Solidarietà alla Palestina, 98 premi Nobel, artisti e intellettuali chiedono un immediato embargo militare ad Israele

Appello. Da Peres Esquivel a Brian Eno, da Rigoberta Menchù a Mike Leigh e Roger Waters: "Facciamo appello alle Nazioni Unite e ai governi di tutto il mondo ad adottare misure immediate per attuare un embargo militare totale e giuridicamente vincolante verso Israele, simile a quello imposto al Sud Africa durante l’apartheid".

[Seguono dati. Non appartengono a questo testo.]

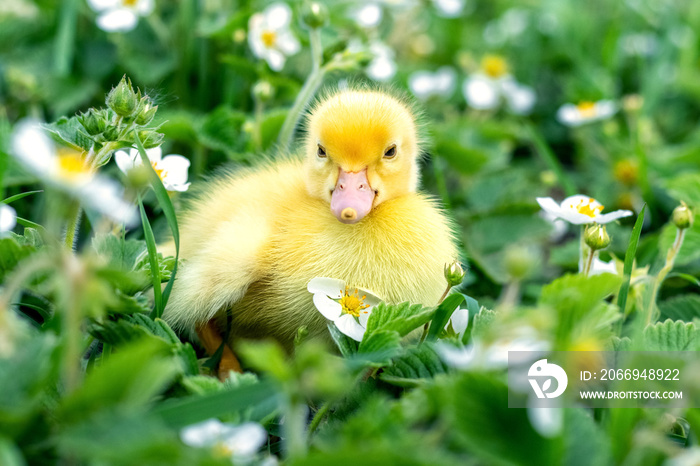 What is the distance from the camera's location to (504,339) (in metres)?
1.25

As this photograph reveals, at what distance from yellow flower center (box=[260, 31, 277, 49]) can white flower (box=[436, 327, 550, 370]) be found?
1.84 metres

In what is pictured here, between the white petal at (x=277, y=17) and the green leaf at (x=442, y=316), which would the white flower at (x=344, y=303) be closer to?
the green leaf at (x=442, y=316)

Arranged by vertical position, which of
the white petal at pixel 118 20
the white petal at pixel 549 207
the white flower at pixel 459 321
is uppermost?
the white petal at pixel 118 20

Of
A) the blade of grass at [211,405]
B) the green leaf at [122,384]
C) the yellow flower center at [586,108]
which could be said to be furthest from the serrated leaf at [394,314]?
the yellow flower center at [586,108]

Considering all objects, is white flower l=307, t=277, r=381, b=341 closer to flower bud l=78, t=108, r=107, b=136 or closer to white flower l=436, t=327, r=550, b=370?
white flower l=436, t=327, r=550, b=370

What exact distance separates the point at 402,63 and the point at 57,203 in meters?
3.04

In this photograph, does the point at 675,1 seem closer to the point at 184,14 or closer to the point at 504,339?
the point at 184,14

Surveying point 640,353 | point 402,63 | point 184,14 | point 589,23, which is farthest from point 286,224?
point 589,23

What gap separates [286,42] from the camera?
117 inches

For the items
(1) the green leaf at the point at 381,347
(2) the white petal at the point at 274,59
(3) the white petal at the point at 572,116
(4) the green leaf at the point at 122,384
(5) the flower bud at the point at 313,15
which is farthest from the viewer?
(3) the white petal at the point at 572,116

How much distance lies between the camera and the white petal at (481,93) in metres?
3.66

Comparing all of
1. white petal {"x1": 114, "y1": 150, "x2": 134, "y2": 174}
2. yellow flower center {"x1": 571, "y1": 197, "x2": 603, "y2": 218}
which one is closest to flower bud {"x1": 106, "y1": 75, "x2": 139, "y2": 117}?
white petal {"x1": 114, "y1": 150, "x2": 134, "y2": 174}

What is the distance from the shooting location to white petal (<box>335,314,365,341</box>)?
5.54ft

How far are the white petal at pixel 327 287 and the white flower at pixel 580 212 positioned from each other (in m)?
0.62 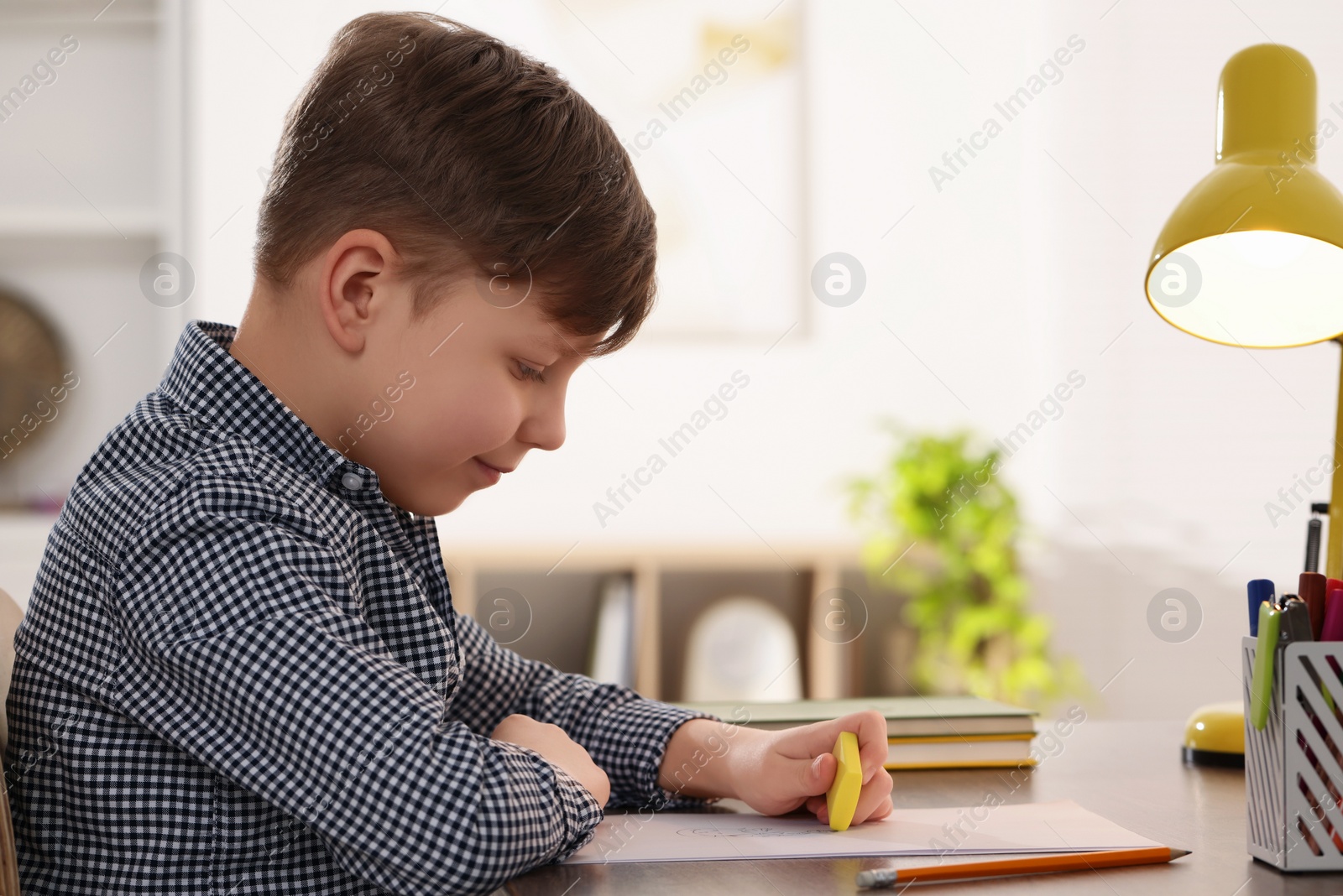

“All’instaurarsi di un rapporto di oppressione, la violenza ha già avuto inizio. Mai nella storia la violenza è partita dagli oppressi. … Non ci sarebbero gli oppressi se non ci fosse stata prima una violenza per stabilire la loro sottomissione”.Paulo Freire

Israele ha ancora una volta scatenato tutta la forza del suo esercito contro la popolazione palestinese imprigionata, in particolare nella Striscia di Gaza assediata, in un disumano e illegale atto di aggressione militare. L’assalto in corso di Israele su Gaza ha finora ucciso decine di civili palestinesi, ne ha ferito centinaia e ha devastato le infrastrutture civili, compreso quelle del settore sanitario che sta affrontando gravi carenze.

La capacità di Israele di lanciare impunemente attacchi così devastanti deriva in gran parte dalla vasta cooperazione militare e compravendita internazionale di armi che Israele intrattiene con governi complici di tutto il mondo.

Nel periodo 2008-2019, gli Stati Uniti forniranno ad Israele aiuti militari per un totale di 30 miliardi di dollari, mentre le esportazioni militari israeliane verso il mondo hanno raggiunto la somma di miliardi di dollari all’anno. Negli ultimi anni, i paesi europei hanno esportato in Israele miliardi di euro in armi e l’Unione europea ha concesso alle imprese militari e alle università israeliane fondi per la ricerca militare del valore di centinaia di milioni di euro.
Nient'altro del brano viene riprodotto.